Sunday, March 2, 2014

What Do the Kander/Ebb Muscial Cabaret and Canada's "Human Rights" Mausoleum Have in Common?

Well, there is this: while Cabaret, a musical reworking of a novel by Christopher Isherwood, is a tuneful romp through a decadent Weimar Germany that is soon to give way to the horrors of Nazism, the mausoleum is a chamber of horrors that fetishizes victimhood and that serves to highlight the decadence of "human rights" in our time.

But I'm pretty sure that's not what this chap, a theatre guy in Winnipeg, site of the soon-to-open mausoleum, had in mind when he said this:
The linchpin of his season is a revival of Cabaret, the timeless classic that will soon be returning to Broadway in a production featuring movie stars Michelle Williams and Alan Cumming. It is set in a seedy Berlin nightclub at a time when Hitler's power in Germany is taking hold. The run is a nod to next season's opening of the Canadian Museum of Human Rights
"It's a phenomenal musical," Schipper said. "The question it asks is, 'What would you do?' The point it makes is that all it takes for evil to occur is for good people to do nothing."
No, sir. The point it makes is that some people--say, like, Sally Bowles--are reckless hedonists who love to wallow in decadence, and who could care less about evil.
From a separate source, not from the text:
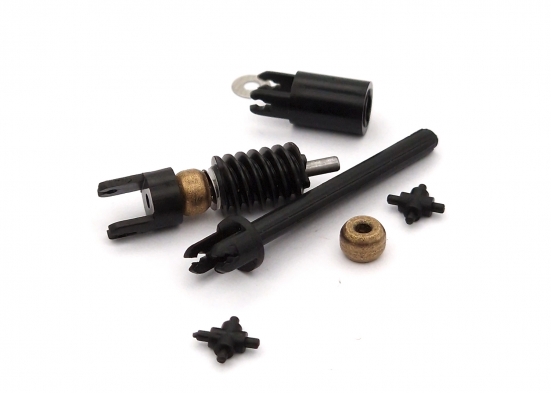 Preview: Märklin E356019 Schneckenwelle, Kardanwelle, Kalottenlag (Set) Modelleisenbahn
Another point: the ill-conceived, colossally expensive "human rights" edifice is a monumental mistake which, unlike perennial fave Cabaret, is bound to be an epic failure.


Wilkommen, bienvenue, welcome, im "human rights,"
au "human rights" to "human rights"....


1 comment:

Carlos Perera said...

That's a museum? It looks more like a human rights bunker.